INSTRUCTIONS TO FOLLOW: Find the line with "METTLE display rack shown on a wooden shelf" in the records below. Output exactly from there until after the line with "Photo of the", without pictures.

DATA PROVIDED:
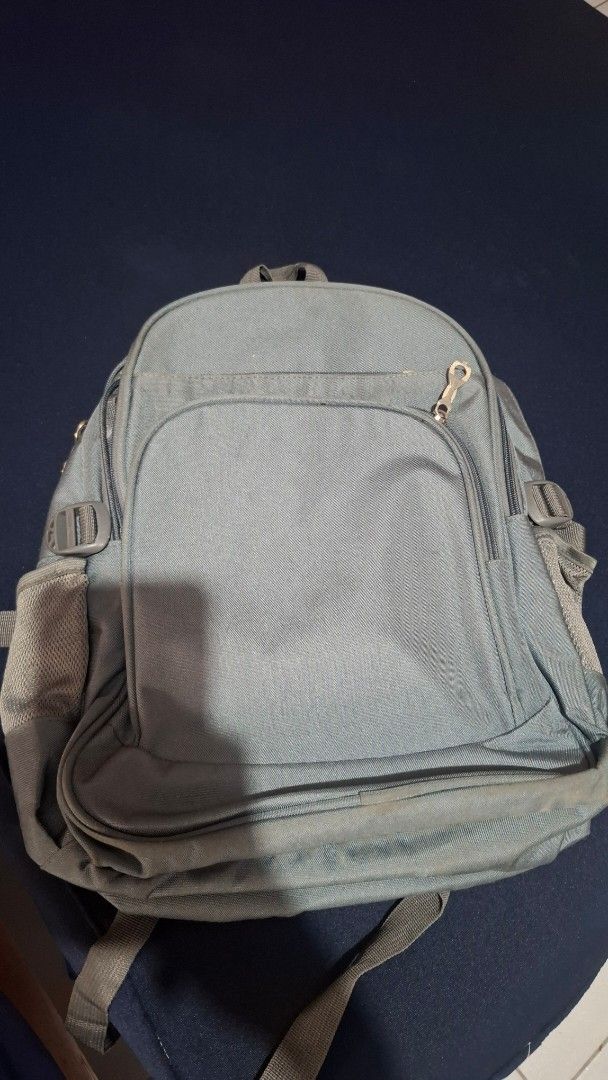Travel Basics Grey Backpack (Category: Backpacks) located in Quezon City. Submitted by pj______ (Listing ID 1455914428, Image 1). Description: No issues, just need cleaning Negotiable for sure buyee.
==
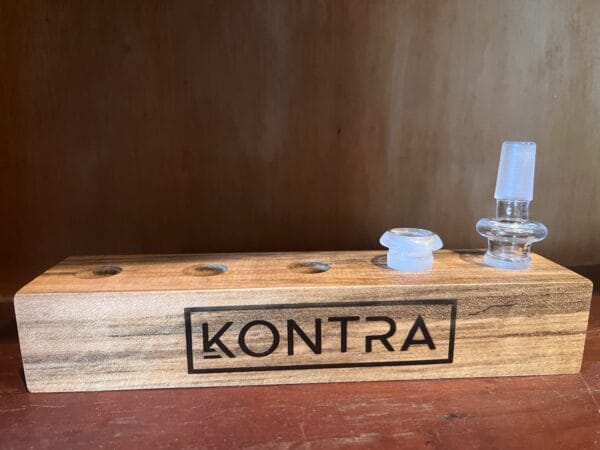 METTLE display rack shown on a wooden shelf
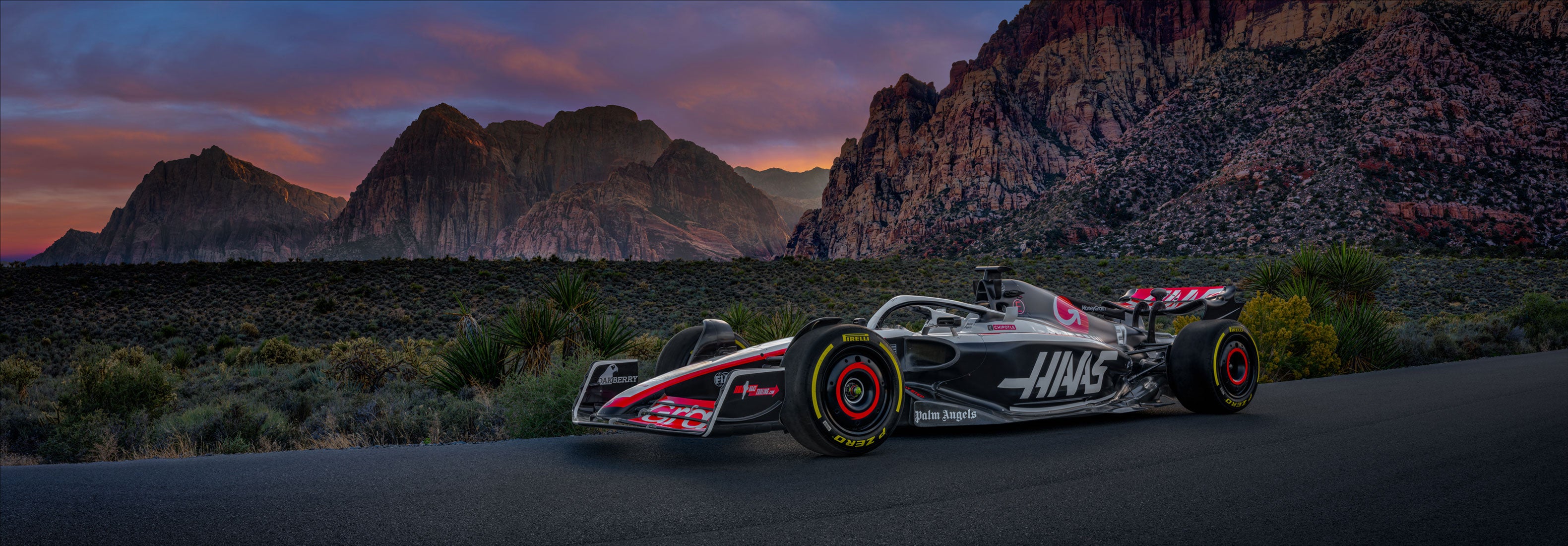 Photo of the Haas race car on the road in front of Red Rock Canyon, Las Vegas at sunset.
--
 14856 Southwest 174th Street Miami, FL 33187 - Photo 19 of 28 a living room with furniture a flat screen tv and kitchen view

OUTPUT OF THE TASK:
 METTLE display rack shown on a wooden shelf
 Photo of the Haas race car on the road in front of Red Rock Canyon, Las Vegas at sunset.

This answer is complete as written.